Over the past few months, the Department of the Treasury and the Internal Revenue Service have been hard at work developing rules to define what will qualify as clean hydrogen, and what level financial incentive hydrogen producers should receive, based on the climate impact of the hydrogen they will make. The rules, which the Treasury released in draft form in December, will ultimately determine whether clean hydrogen delivers on its climate promise. As might be expected, lobbyists of all stripes have come out in force to advocate for their vision of the tax credit, known as 45V, with the Treasury receiving some 30,000 comments on its draft rule.

On the podcast, we’ll explore the climate stakes surrounding the hydrogen tax credit with Danny Cullenward, Vice Chair of California’s Independent Emissions Market Advisory Committee, a Research Fellow with the Institute for Carbon Removal Law and Policy at American University, and a Senior Fellow here at the Kleinman Center. Danny will walk us through the Treasury’s draft of clean hydrogen rules. We’ll also look at how and why certain interests would like to see the draft guidelines relaxed, and what changes to a final rule could mean for the pace of clean hydrogen growth and for the ability of the industry to sustain itself over time. Danny, welcome to the podcast.

Danny Cullenward: Thanks for having me, Andy.

Stone: The Biden administration and Congress have moved aggressively to support the development of clean hydrogen production capacity. The 2021 Bipartisan Infrastructure Law provides $8 billion for the development of hydrogen hubs, and the IRA offers clean hydrogen production tax credit, 45V. Why has the development of clean hydrogen capacity been such a legislative priority?

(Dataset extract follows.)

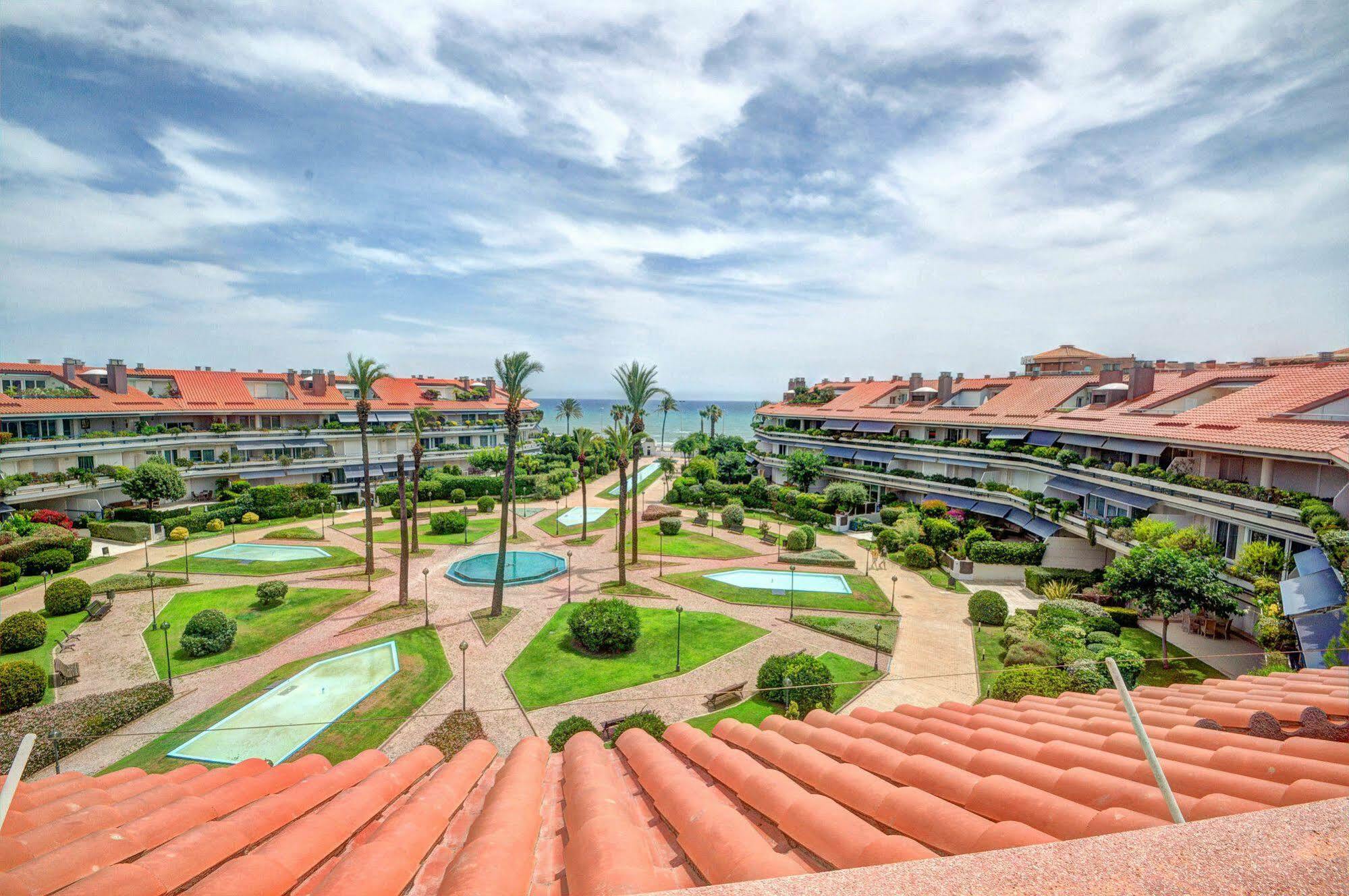 Duplex Park De Mar Apartamento Sitges Exterior foto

Cullenward: I think your question touched on a couple of the different reasons why, and I see broadly two sets of reasons why there has been so much interest. One is that there is broad bipartisan support for energy infrastructure deployment, particularly when that relates to oil and gas production in oil and gas communities, and as we’ll talk about, some of the ways to produce hydrogen involve traditional fossil and natural gas systems.

So that’s one set of constituencies that has an interest in these outcomes. It overlaps with, but is sort of distinct from the main climate coalition that has increasingly understood that when we’re trying to fully decarbonize the power sector and the industrial sector and a variety of emissions sources from activities we have today, we don’t know how to do that fully with all of the energy systems and energy carriers we have. Hydrogen is widely seen, if you can make it low-emissions enough, as one of the tools that is needed to support truly deep decarbonization. So the tax credit in the Inflation Reduction Act, which came out of the Democratic Party’s platform, has very specific emissions guidelines associated with it, which is a little distinct from the sort of deploy-and-put-money-and-steel-on-the-ground side of the Bipartisan Infrastructure Law.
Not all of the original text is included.